Bettina Clark, September 2013
Change is an essential and constant process in evolution, which can be activated by external or internal forces; in human life change is voluntarily or involuntarily stimulated, or consciously chosen.
Course corrections are established in altering the neural pathways in our brains. “The fact that the brain can change its own structure and function through thought and activity is…the most important alteration #[in neuro science] and is an important insight in our profession to understand the extent of possibilities…. All of the humanities, social sciences, and physical sciences, insofar as they deal with human nature, are affected, as are all forms of training…. It renders our brains not only more resourceful but also more vulnerable to outside influences” (Doidge, 2007)

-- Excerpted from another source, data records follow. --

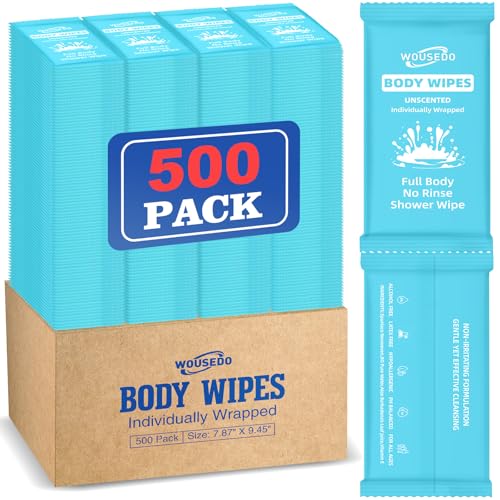 500 Pcs Ultra Thick Soft Large Body Wipes Individually Wrapped(7.87" x 9.45"),Shower Wipes for Adults Bathing No Rinse,Personal Cleansing Wipes for Travel Gym,Bulk Deodorant for Homeless(Blue) - color: Blue, size: 1 Count (Pack of 500)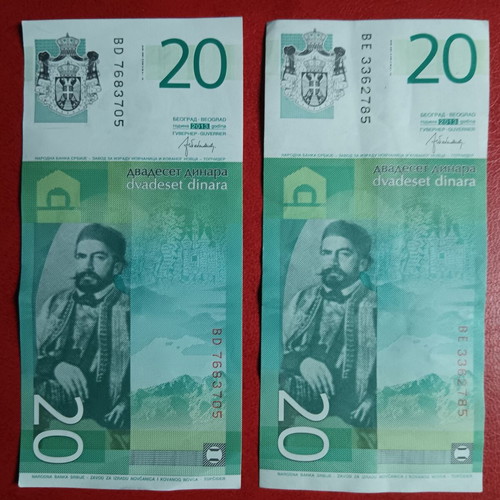 Serbian 20 dinar banknotes used, set of 2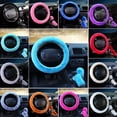thumbnail image 3 of UHUSE 3Pcs/set Fur Fluffy Thick Auto Car Steering Wheel Plush Cover Soft Wool Winter, 3 of 4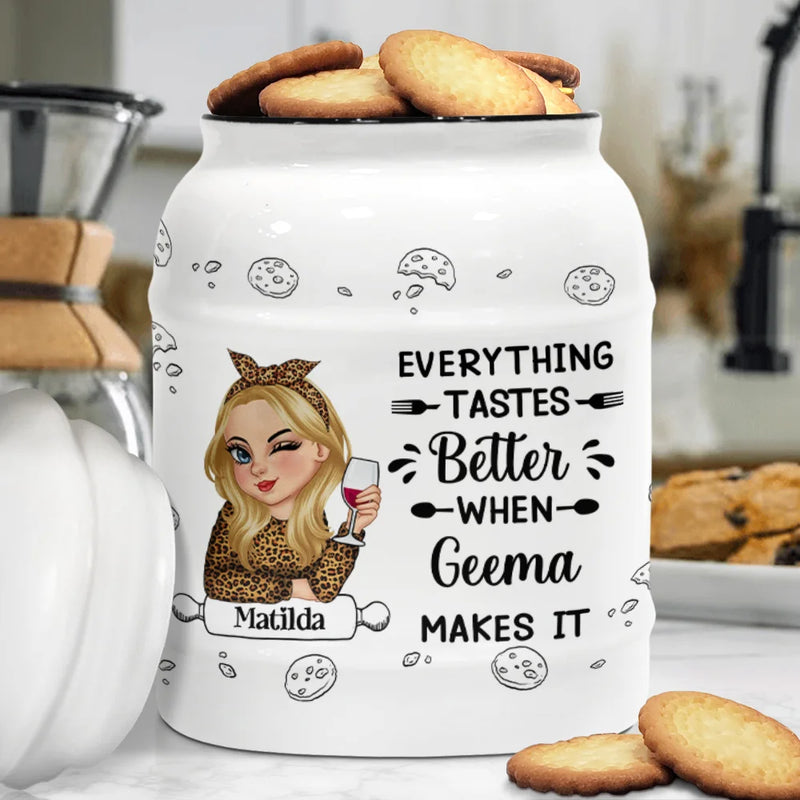 Everything Tastes Better When Grandma Makes It - Personalized Cookie Jar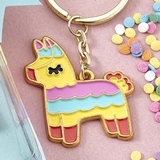 FashionCraft Delightful Pinata Llama Design Metal Keychain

This is key for me: to work with clear ethical values, to facilitate without a hidden agenda, and from a place of #curiosity and #compassion, with clarity and healthy boundaries. I strongly believe that in the process of coaching people can go through a healthy long term transformation, only if they are willingly involved, can trust, become creative, and use the right to decide for themselves (McGonagill, 2002) – in other words are #empowered to choose and lead.
Dr. Norman Amundson (2013) adds another key to facilitate effectively: relationship building. To get to know the person behind the person, get to the stories, make the sessions real in using imagery from their lives. Robert Kegan (2000) defines the client as “the author of their own experience.”

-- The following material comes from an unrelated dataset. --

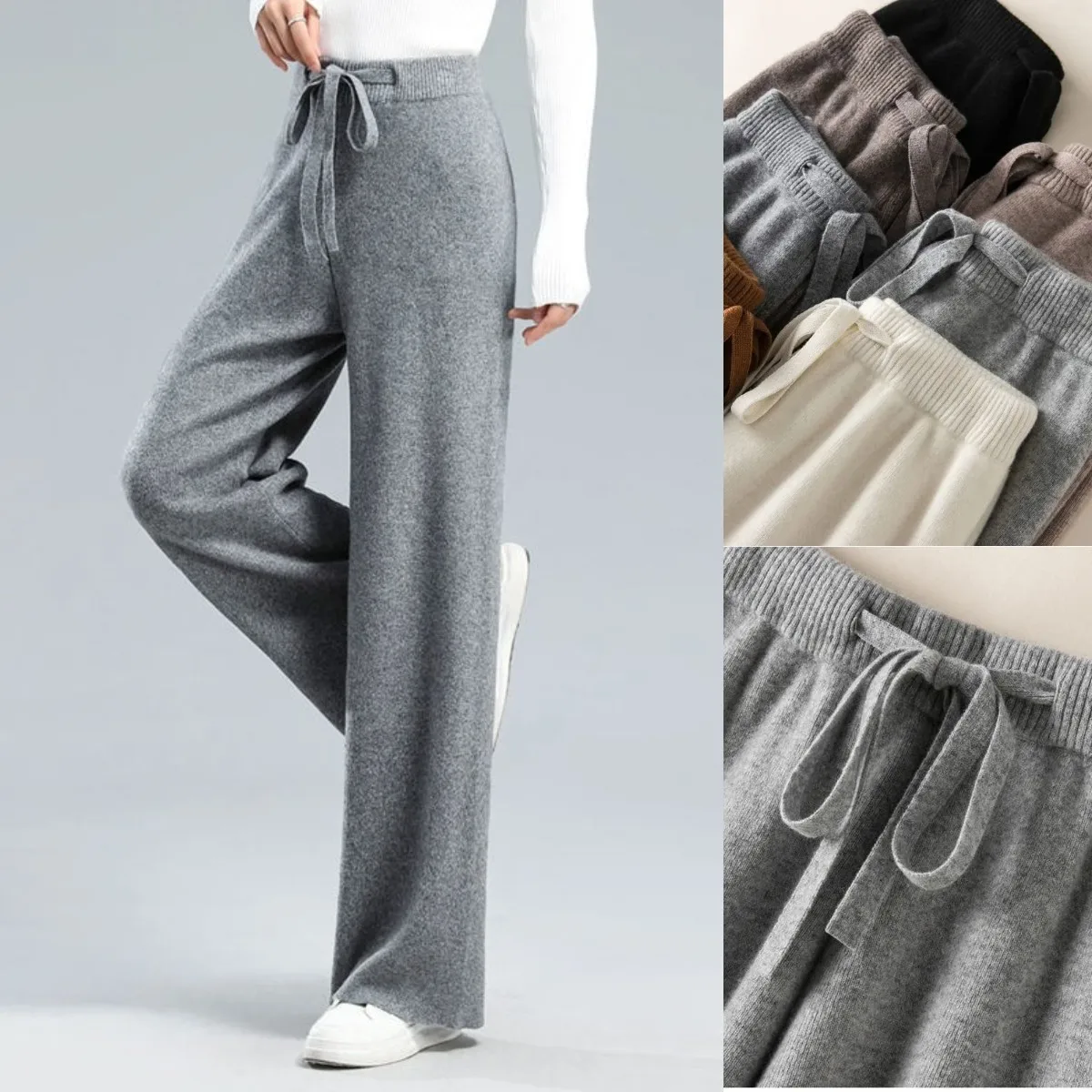 Korean Fashion New Drawstring High Waist Wide Leg Pants Women's Autumn Winter Straight Trousers Jogger Gym Loose Pants Female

Creating my personal coaching style, the #UBC Integrative Coaching Model (ICM) is a helpful scaffolding offering access for constructive co-creation: with the importance to contract, collaborate, take responsibility for action and accountability, and fully engage to get to the desired goal. This is one good reason for me as coach to take as much time as needed in the beginning of the coaching process to get to a clear agreement about what is involved from both facilitator and the client. And as experienced in our Peer Triangle meetings: we do not get through a full ICM cycle in all sessions – which still works well as long as the foundation is solid.
I have bumped up against an edge within the cycle, when I took over the lead or suggested prematurely activities that might not have been on the clients mind. Almost as if parts of our “building” was constructed without an architectural plan. This is an edge I became aware of in the first period of being a newly established coach, and I identified it as “impatience”. In the Clifton “#StrengthFinder 2.0” assessment (Gallup 2013), which I did at the time, it was identified as a dynamic in the “#Activator” quality.
A helpful insight for me when I engage in #leadership coaching.